Source code for openpois.osm.format_observations

#   -------------------------------------------------------------
#   Copyright (c) Henry Spatial Analysis. All rights reserved.
#   Licensed under the MIT License. See LICENSE in project root for information.
#   -------------------------------------------------------------

"""
This module formats OSM changes and versions into observations, which can be more easily
queried and statistically analyzed.
"""

import os
import re
from pathlib import Path

import duckdb
import pyarrow as pa
import pyarrow.parquet as pq


_SAFE_KEY_RE = re.compile(r"^[A-Za-z0-9_:]+$")

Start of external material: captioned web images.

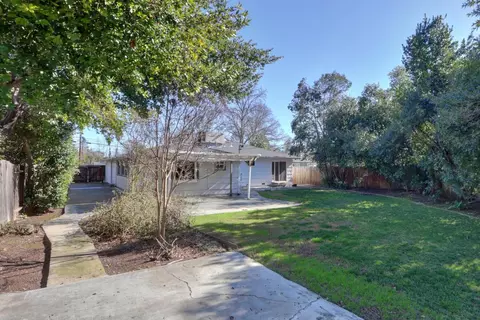 3101 Mission Ave, Carmichael, CA 95608 photo 38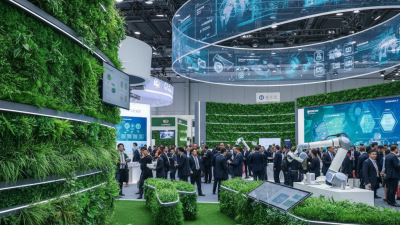 2026 Best Artificial Wall Grass Trends at Canton Fair?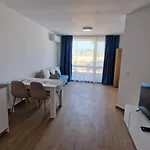 Apartament Sineva Sinemorets Sinemorec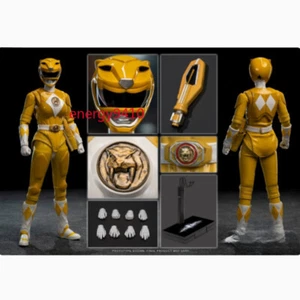 In Stock TOYS BATTALION 1/6 TB016 Action Figure Model Toy Collection Gifts NEW - Picture 1 of 6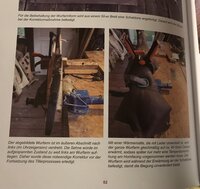 3857AFCF-C1AF-49C0-97A8-543E472A745F.jpeg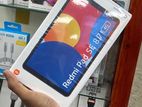 Xiaomi Redmi Pad SE 6/128GB (Brand New)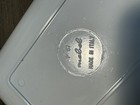 Picture 3 of 3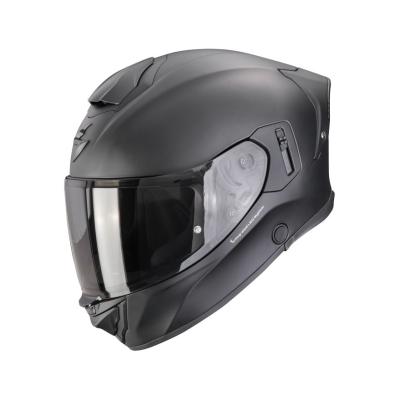 Casque intégral Scorpion Exo EXO-530 i AIR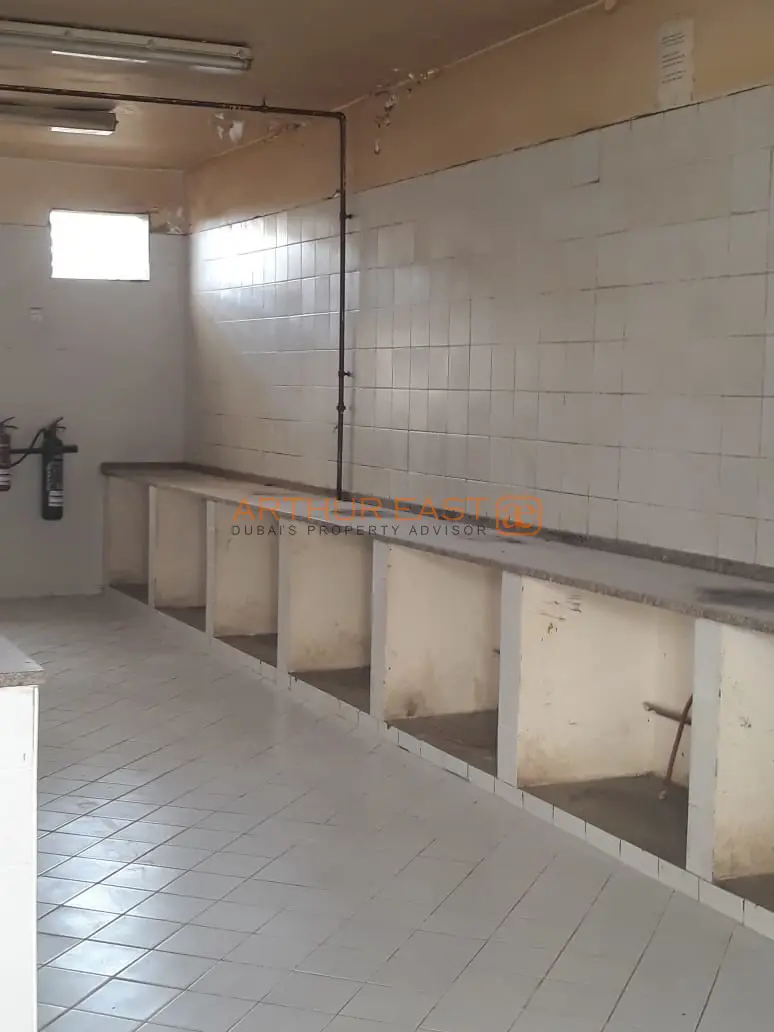 ejari-for-4-aed2400-available-in-alquoz.webp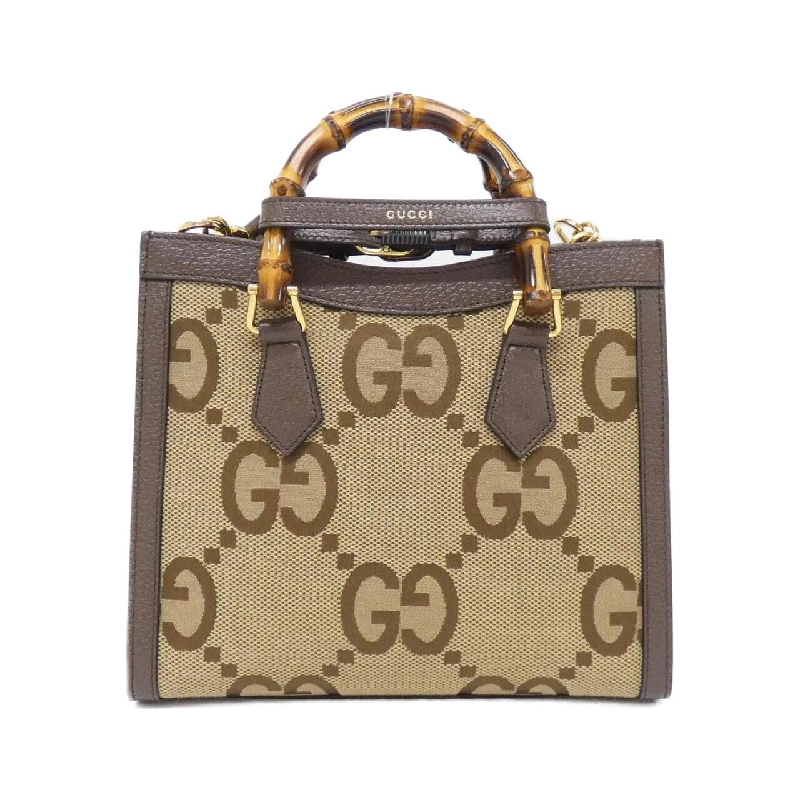 Gucci Diana 660195 UKMBT Túi - Hàng hiệu Chính hãng 766887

def _validate_key(k: str) -> str:
    """Allow only alphanumerics, underscores, and colons in interpolated keys.

    OSM tag keys such as ``addr:street`` are valid; anything else is rejected
    to avoid opening a SQL injection path through the pivot CTE.
    """
    if not isinstance(k, str) or not _SAFE_KEY_RE.match(k):
        raise ValueError(f"Unsafe tag key for SQL interpolation: {k!r}")
    return k


def _init_scan_state(keep_keys: list[str]) -> dict:
    return {
        "add_to_list": False,
        "last_tag_timestamp": None,
        "last_obs_timestamp": None,
        "last_tag_user": None,
        "last_tag_value": None,
        "tag_value": None,
        "keep_current": {k: None for k in keep_keys},
        "keep_last": {k: None for k in keep_keys},
    }


def _advance_scan_state(
    state: dict,
    row: tuple,
    col_idx: dict,
    tag_key: str,
    keep_keys: list[str],
) -> dict | None:
    """Run one row through the per-POI state machine.

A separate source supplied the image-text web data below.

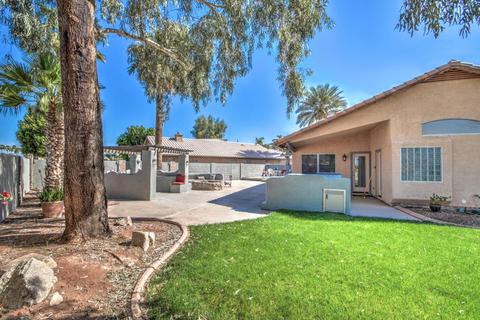 92 S Sandstone St, Gilbert, AZ 85296 photo 58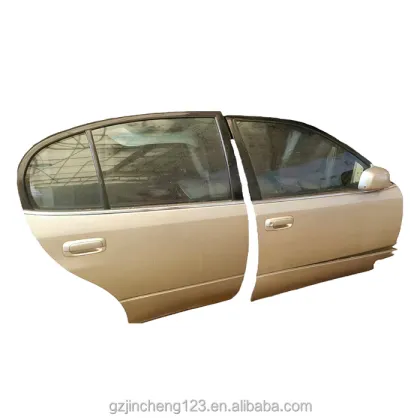 Auto Parts Body Door Panel for Lexus GS 250h 300h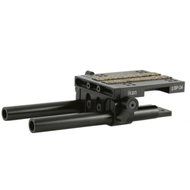 Ikan ELE-SBPELE-SBP Video Camera (Black) N2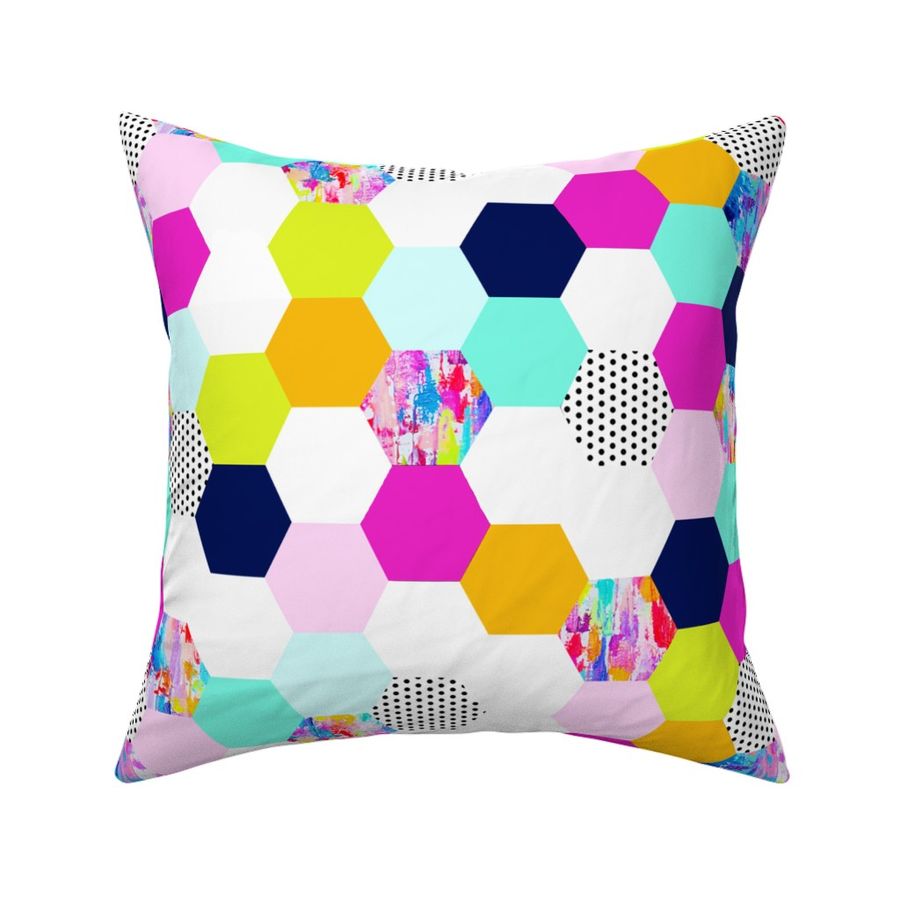 HOME_GOOD_SQUARE_THROW_PILLOW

    Returns the observation dict to emit, or ``None`` if this version is
    before the tag was first added (so ``add_to_list`` is still False).
    """
    elem_id = row[col_idx["id"]]
    version = row[col_idx["version"]]
    changeset = row[col_idx["changeset"]]
    obs_timestamp = row[col_idx["timestamp"]]
    user = row[col_idx["user"]]

    # `last_tag_value` on the emitted obs must reflect the PRE-update state;
    # the other `last_*` fields are updated below after `obs` is built.
    prev_last_tag_value = state["last_tag_value"]

    # Keep-keys: shift current → last only when this version's changeset
    # touches the key; otherwise current + last both stay sticky.
    for k in keep_keys:
        ch = row[col_idx[f"{k}__change"]]
        if ch is not None:
            state["keep_last"][k] = state["keep_current"][k]
            state["keep_current"][k] = row[col_idx[f"{k}__value"]]

    tag_val = row[col_idx[f"{tag_key}__value"]]
    tag_ch = row[col_idx[f"{tag_key}__change"]]
    vis_val = row[col_idx["visible__value"]]
    vis_ch = row[col_idx["visible__change"]]

    tag_added = tag_ch == "Added"
    tag_changed = tag_ch == "Changed"
    tag_deleted = tag_ch == "Deleted"
    poi_deleted = (vis_ch is not None) and (vis_val == "false")
    poi_re_added = (
        state["add_to_list"]
        and (vis_ch is not None)
        and (vis_val == "true")
    )
    any_change = (
        tag_added or tag_changed or tag_deleted or poi_deleted or poi_re_added
    )

    if tag_added:
        state["add_to_list"] = True
    if tag_added or tag_changed:
        state["last_tag_value"] = tag_val
        state["tag_value"] = tag_val
    if tag_deleted or poi_deleted:
        state["tag_value"] = None
    if poi_re_added:
        state["tag_value"] = state["last_tag_value"]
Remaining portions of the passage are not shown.